В этом смысле совершенно особую роль играет в романе история. Она присутствует тут, можно сказать, постоянно, живьем и во плоти, сообщая людям и зверям – а они в романе участвуют на равных, – событиям и вещам, мыслям, словам и поступкам свой неповседневный контекст. И дело не только в том, что повествование изобилует историческими аллюзиями, непринужденно перескакивая из наполеоновских войн в средневековые крестовые походы, а то и вовсе ныряя в темные пучины мифа. Сами эти аллюзии доказывают нечто очень важное: в извечном противоборстве добра и зла именно ход истории в конечном счете оказывается последним судией, документируя целесообразность мирового развития, осмысленность эволюции, свершающейся наперекор разгулам варварства и кровопролитиям. Вспомним, с какой библейской торжественностью перечисляет Брауксель, летописец первой части, собачьи поколения, и это, конечно, неспроста – в них, в этих собачьих родословных, запечатлено вековечное движение от дикости к культуре: черная псина Сента «не хочет обратно к волкам».
Не хочет «обратно к волкам» и человек или, скажем точнее, как правило, не хочет, поскольку наделен противоядием от дикости – предприимчивостью, стремлением к созиданию, творчеству. Это его неистребимое стремление выражено в романе Грасса по-разному – оно материализовалось в дамбах Вислы, «облагоразумивших» коварную стремнину непокорной реки, и в гордой красе родного Данцига, запечатлелось в аккуратной брусчатке его мостовых и в наименованиях его улиц и площадей, мест и предместий, вобравших в себя века человеческого труда, мирного быта, оседлости. (Очень важно понять и прочувствовать именно этот оттенок в отношении Грасса к своей малой родине, нынешнему Гданьску, не придавая ностальгии писателя какого-то иного, политического смысла, абсолютно ей не свойственного.) Отсюда же интерес Грасса к самым разным видам человеческой деятельности, энциклопедические познания по части ремесел, промыслов и вообще всякого рукотворчества – в миропонимании художника это и есть первооснова гуманизма, его содержательное наполнение. И конечно же, вершиной созидательного начала в человеке оказывается искусство.
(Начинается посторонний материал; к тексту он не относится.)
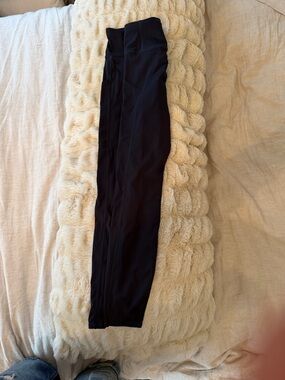 Vuori Navy Workout Tights with Logo Tag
Грасс, как известно, не только писатель – в его послужном списке несколько художественных профессий: каменотес и скульптор, джазист и живописец. Он не понаслышке знает театр и балет. Полагаю, именно это разностороннее знание позволило ему внести в великую тему немецкой литературы традицию «романа о художнике», идущую еще от «Вильгельма Мейстера» и от «Генриха фон Офтердингена», свою, совершенно особую ноту. Изобретая для своих персонажей самые невероятные и экзотические художественные занятия – вспомним санитара из «Жестяного барабана», который сооружает свои творения из бечевки, вязальных спиц и дощечек, вспомним барабанные палочки самого Оскара Мацерата, выбивающие по лакированной жести причудливые и жутковатые фантазии, поставим в этот же ряд одного из главных героев романа «Собачьи годы», Эдди Амзеля, мастерящего не что-нибудь, а птичьи пугала, – Грасс методом остранения как бы «вылущивает» саму идею искусства, во всей ее первозданной чистоте, во всем ее бескорыстии, из скорлупы традиционной, привычной, рутинной формы. А такое извлечение, в свою очередь, сдвигает повествование в гротеск, резко сближая мир искусства и фантазии с грубой реальностью, принуждая их как-то соотноситься, конфликтовать друг с другом, вступать в сложные и непредсказуемые взаимодействия.